Stevenage’s MP has been given a national platform to explain why he’s rebelled against the government over tax credit cuts, in a week when a children’s charity has revealed the impact the axe could have on hard-pressed families.

Stephen McPartland is one of a group of Conservative MPs opposing the tabled cuts – and says that the majority of his colleagues now agree with him.

He has argued vigorously against them in parliament, and – as the Comet reported last week – when Treasury minister David Gauke visited the town eight days ago, Mr McPartland boycotted the meeting in protest.

In a lengthy column featured in Sunday’s left-leaning Observer paper, Mr McPartland said: “The government is absolutely right that tax credits need reforming – but I voted against its proposals in September and I have argued hard ever since that George Osborne must reconsider.

“You have to respect him for being prepared to take difficult decisions and stand up for what he believes in: a high-pay, low-tax, low-welfare economy that helps those who want to get on in life and provides a safety net for those who fall on hard times. It is also what I believe in.

“But I know that there has to be a fairer way of achieving that than with this policy.

“The chancellor must drop these proposals as they stand.
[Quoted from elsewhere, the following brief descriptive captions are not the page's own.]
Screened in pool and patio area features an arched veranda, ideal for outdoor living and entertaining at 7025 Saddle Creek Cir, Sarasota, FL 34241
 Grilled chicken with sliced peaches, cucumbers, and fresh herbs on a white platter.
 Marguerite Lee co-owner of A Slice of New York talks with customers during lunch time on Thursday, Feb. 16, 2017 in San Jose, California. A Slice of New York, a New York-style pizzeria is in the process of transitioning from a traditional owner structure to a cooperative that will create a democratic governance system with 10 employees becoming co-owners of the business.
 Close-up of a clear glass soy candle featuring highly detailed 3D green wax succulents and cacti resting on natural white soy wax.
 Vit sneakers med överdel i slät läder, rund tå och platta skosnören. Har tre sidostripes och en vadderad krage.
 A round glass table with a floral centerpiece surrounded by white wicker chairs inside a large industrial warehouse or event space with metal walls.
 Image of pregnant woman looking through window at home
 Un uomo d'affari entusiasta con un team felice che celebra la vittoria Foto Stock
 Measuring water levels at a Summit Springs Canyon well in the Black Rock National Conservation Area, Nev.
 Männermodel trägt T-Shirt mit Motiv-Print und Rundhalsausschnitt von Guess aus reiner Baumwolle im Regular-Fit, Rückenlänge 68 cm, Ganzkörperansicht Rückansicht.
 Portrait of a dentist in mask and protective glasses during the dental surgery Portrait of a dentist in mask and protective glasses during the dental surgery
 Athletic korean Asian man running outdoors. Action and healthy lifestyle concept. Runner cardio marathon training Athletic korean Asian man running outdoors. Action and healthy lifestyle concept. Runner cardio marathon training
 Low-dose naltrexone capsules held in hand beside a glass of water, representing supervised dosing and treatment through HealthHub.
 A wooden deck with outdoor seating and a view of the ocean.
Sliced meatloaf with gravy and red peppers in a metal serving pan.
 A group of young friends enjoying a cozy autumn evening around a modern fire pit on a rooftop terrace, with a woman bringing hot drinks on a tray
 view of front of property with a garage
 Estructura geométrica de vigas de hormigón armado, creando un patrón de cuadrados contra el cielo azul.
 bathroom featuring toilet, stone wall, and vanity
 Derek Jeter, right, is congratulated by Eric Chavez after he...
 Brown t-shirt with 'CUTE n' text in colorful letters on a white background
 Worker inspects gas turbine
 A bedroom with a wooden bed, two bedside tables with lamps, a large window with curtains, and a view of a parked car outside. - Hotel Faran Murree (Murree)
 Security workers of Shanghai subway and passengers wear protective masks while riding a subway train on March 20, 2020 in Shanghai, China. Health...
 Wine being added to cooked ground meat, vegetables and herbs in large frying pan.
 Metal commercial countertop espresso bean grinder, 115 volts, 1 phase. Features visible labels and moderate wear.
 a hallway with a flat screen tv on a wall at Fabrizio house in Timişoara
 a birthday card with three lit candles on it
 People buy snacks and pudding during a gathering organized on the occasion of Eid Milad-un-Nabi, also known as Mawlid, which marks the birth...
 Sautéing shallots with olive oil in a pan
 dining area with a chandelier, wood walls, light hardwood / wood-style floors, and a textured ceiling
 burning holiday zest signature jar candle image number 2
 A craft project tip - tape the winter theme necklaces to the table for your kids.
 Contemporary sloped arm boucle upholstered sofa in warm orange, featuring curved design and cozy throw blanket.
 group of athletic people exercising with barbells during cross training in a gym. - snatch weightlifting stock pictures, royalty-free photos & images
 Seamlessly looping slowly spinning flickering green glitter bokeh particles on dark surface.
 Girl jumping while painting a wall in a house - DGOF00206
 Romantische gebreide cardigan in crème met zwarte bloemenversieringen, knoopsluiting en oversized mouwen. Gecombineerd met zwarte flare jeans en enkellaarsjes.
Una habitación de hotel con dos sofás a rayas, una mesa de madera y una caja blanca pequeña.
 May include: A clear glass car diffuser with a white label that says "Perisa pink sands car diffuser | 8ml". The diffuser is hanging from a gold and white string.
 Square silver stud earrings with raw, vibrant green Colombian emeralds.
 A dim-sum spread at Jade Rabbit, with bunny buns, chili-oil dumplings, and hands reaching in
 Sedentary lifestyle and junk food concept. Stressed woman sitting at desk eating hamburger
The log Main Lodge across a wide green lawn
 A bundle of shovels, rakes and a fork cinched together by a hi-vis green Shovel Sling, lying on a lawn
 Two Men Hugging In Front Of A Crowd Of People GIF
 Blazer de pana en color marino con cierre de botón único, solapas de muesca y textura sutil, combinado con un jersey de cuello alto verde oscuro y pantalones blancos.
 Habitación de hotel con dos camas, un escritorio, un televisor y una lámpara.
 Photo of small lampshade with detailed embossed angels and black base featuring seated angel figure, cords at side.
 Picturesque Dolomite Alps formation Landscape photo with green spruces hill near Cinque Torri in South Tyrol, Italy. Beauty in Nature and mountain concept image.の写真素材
For those families on very low incomes, these changes will hurt them not help them.”

Figures released by the Children’s Society indicate that 3,600 Stevenage families, or 6,700 children, could be hit by tax credit cuts.

Mr McPartland says that nationwide the cuts would affect more than three million families.

The House of Lords derailed the tax credit plans last month, and the Chancellor George Osborne is expected to outline a revised scheme in his autumn statement next Wednesday.

Mr McPartland says that he wants the Conservatives to move to the centre and represent hard workers abandoned by Labour.

“I am standing up for families on low incomes because these families are trying to work and should be rewarded by a welfare system that is fair and helps them move forward in life,” he said. “These are the forgotten voters Labour has left behind and that we have not managed to reach yet.

“Growing up in Liverpool, I saw a poster which said: ‘What can the Conservatives offer a working-class kid from Brixton?’ Beneath it was a photograph of John Major and it said: ‘We made him Prime Minister.’

“That is the party I want to belong to and that is the party I want to represent.”